> [Problem to work on] Every line from the one containing "A spacious bedroom" to the end of the records below should be returned exactly; pictures are to be dropped.

> [Listed records]
***

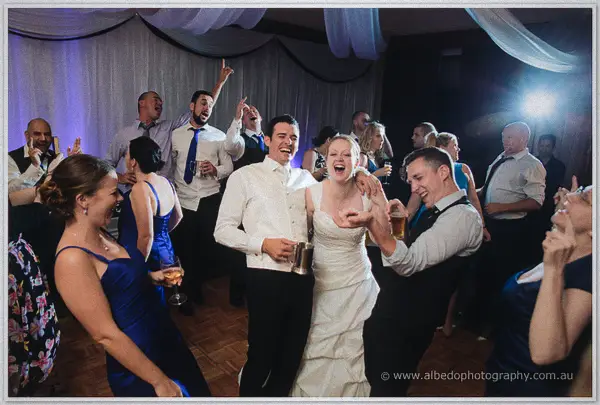 Cayla and Joe sing together with tankard and wine glass amid dancing guests on the crowded floor
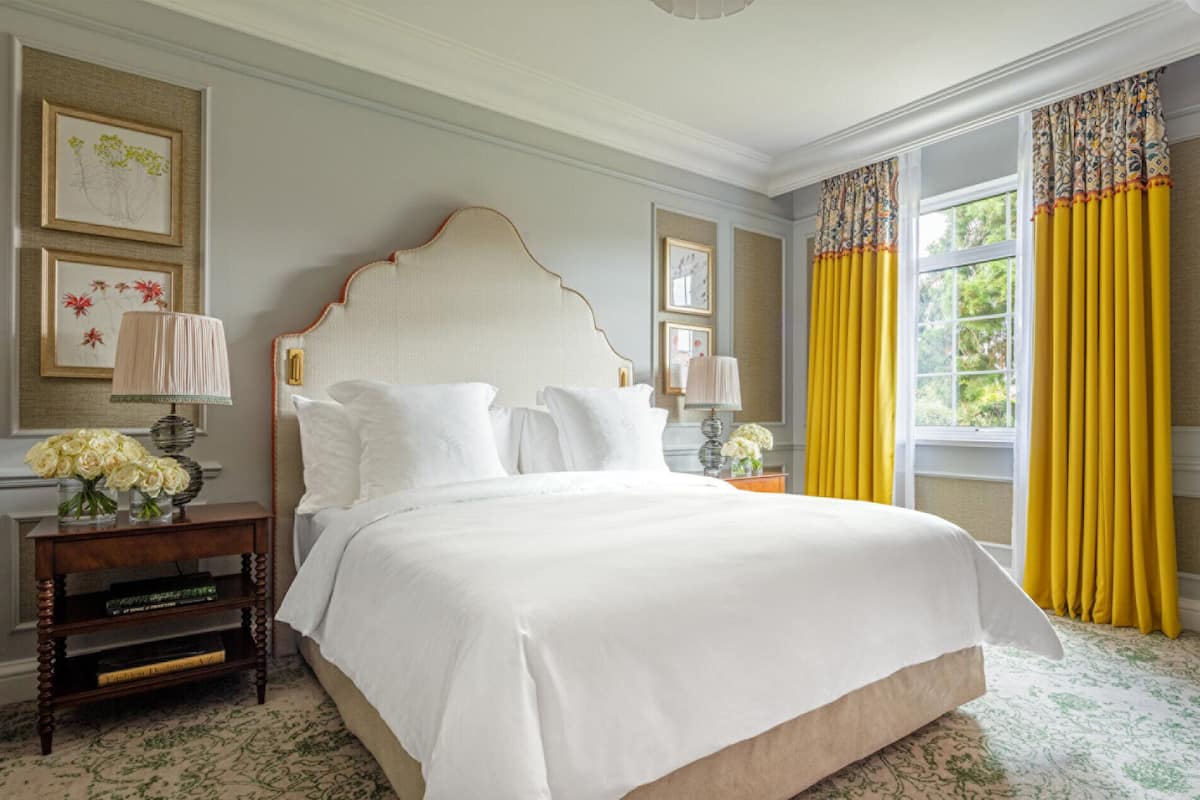 A spacious bedroom with a large bed, two bedside tables with lamps, and a window with yellow curtains.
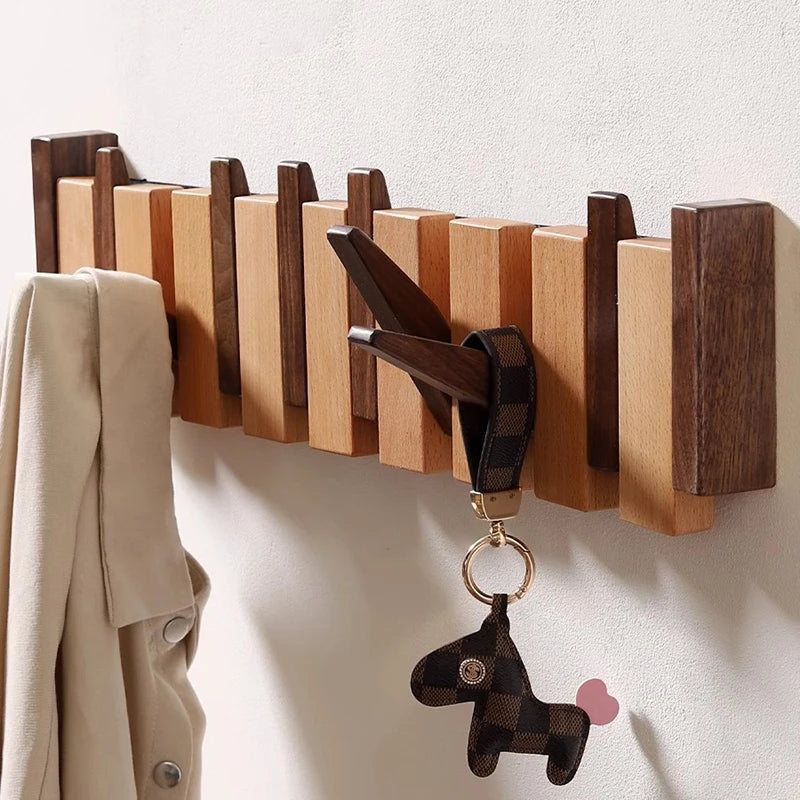 Eloria Garderobe im Klavierstil aus Holz mit klappbaren Haken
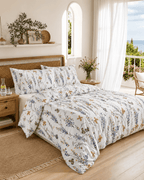 Aufgezogene Seersucker-Bettwäsche mit Blumen- und Schmetterlingsmuster auf einem Bett in einem mediterran eingerichteten Schlafzimmer.
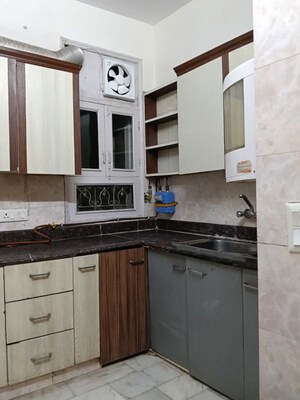 Kitchen in 3 BHK Apartment at Pamposh Enclave – for Rent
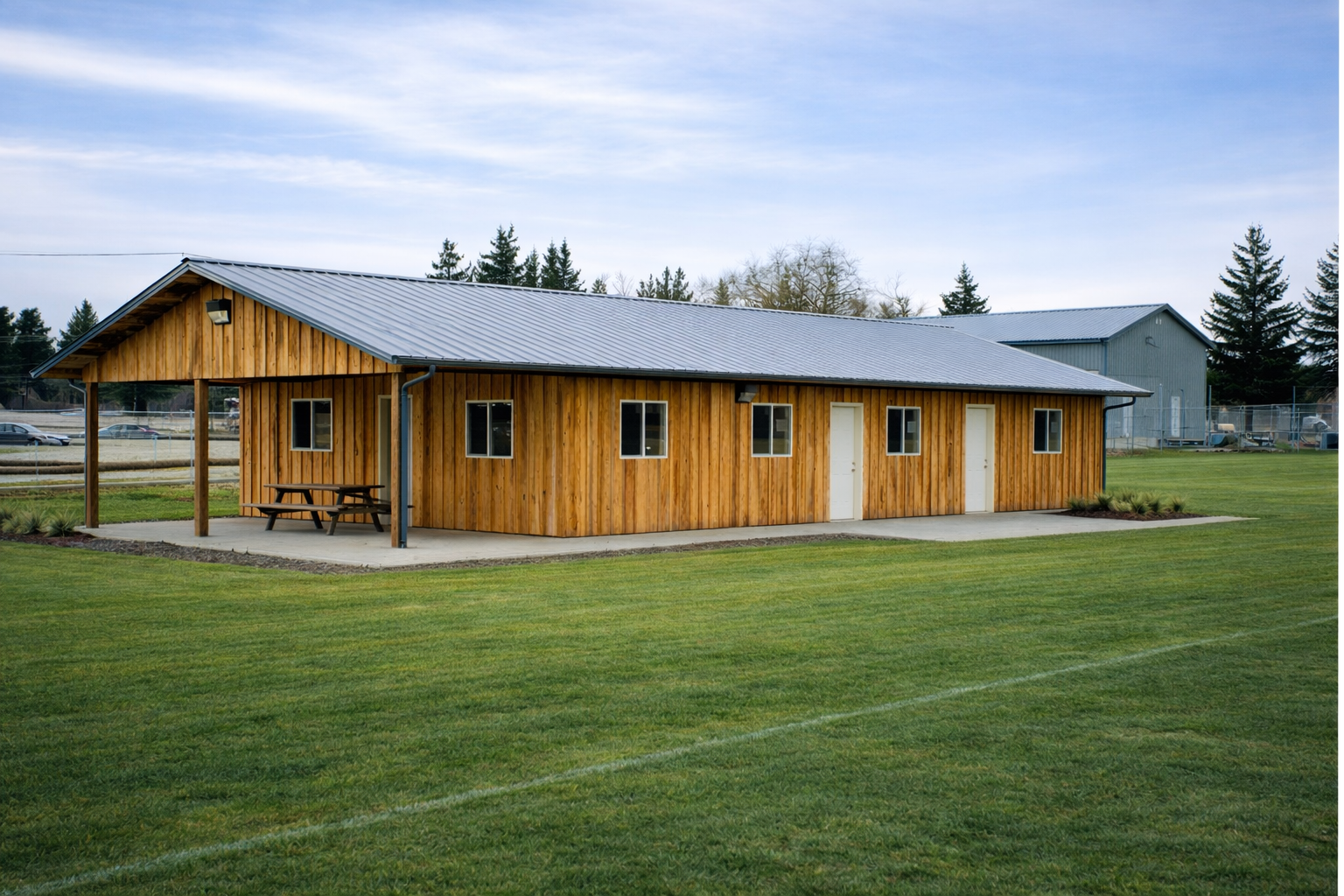 A wooden building with a metal roof on a grassy field, with four windows and two doors, and a small covered porch with a picnic table.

***

> [Finished exercise]
 A spacious bedroom with a large bed, two bedside tables with lamps, and a window with yellow curtains.
 Eloria Garderobe im Klavierstil aus Holz mit klappbaren Haken
 Aufgezogene Seersucker-Bettwäsche mit Blumen- und Schmetterlingsmuster auf einem Bett in einem mediterran eingerichteten Schlafzimmer.
 Kitchen in 3 BHK Apartment at Pamposh Enclave – for Rent
 A wooden building with a metal roof on a grassy field, with four windows and two doors, and a small covered porch with a picnic table.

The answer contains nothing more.